Tonight I jogged past the Metropolitan Museum of Art and stopped hard in front of its grand steps. Sometimes it hits like a fresh slap, just how much the world has changed. I thought about those in-between days in March when New York’s institutions began closing, one by one. Office buildings and schools. Libraries and museums. I remembered how I thought this would be temporary, that things would return to normal in a few weeks. That was nearly five months ago.

When does returning to normal become impossible? Maybe there’s a parallel to the psychosocial shifts following the Great Depression or World War II, the gradual realization that life will have a new cadence, that the rhythms of the past can never be recovered.

I often think about all those paintings inside the museum, hanging unseen in the gloom.

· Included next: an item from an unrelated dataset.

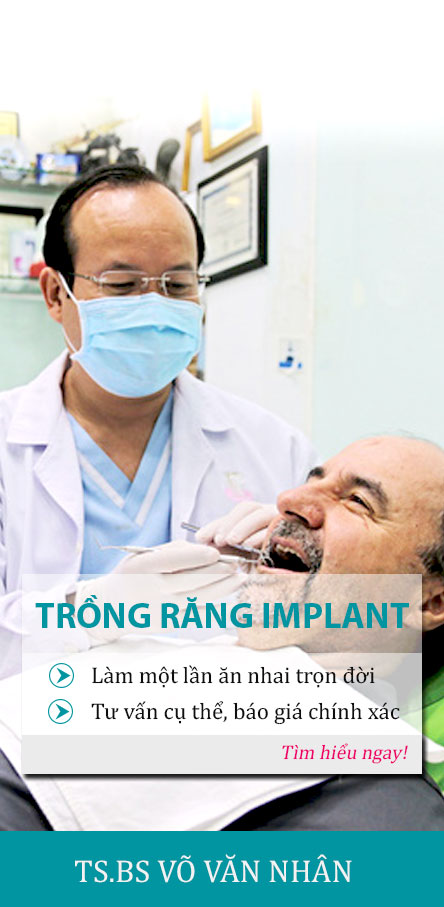 Trồng răng implant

In 1993, Octavia Butler imagined a climate-ravaged America circa 2020 in The Parable of the Sower. She anticipated the spirit of today’s Democratic Party with its feeble slogans like “build back better” when she describes a presidential candidate as “a kind of human banister . . . a symbol of the past for us to hold on to as we’re pushed into the future. He’s nothing. No substance. But having him there, the latest in a two-and-a-half-century-long line of American Presidents make people feel that the country, the culture that they grew up with is still here—that we’ll get through these bad times and back to normal.”

Giving up on normal seems like a critical psychic adjustment these days. Normal wasn’t great, anyway. We’re being pushed hard and unnecessarily, but maybe someday we’ll find a better rhythm.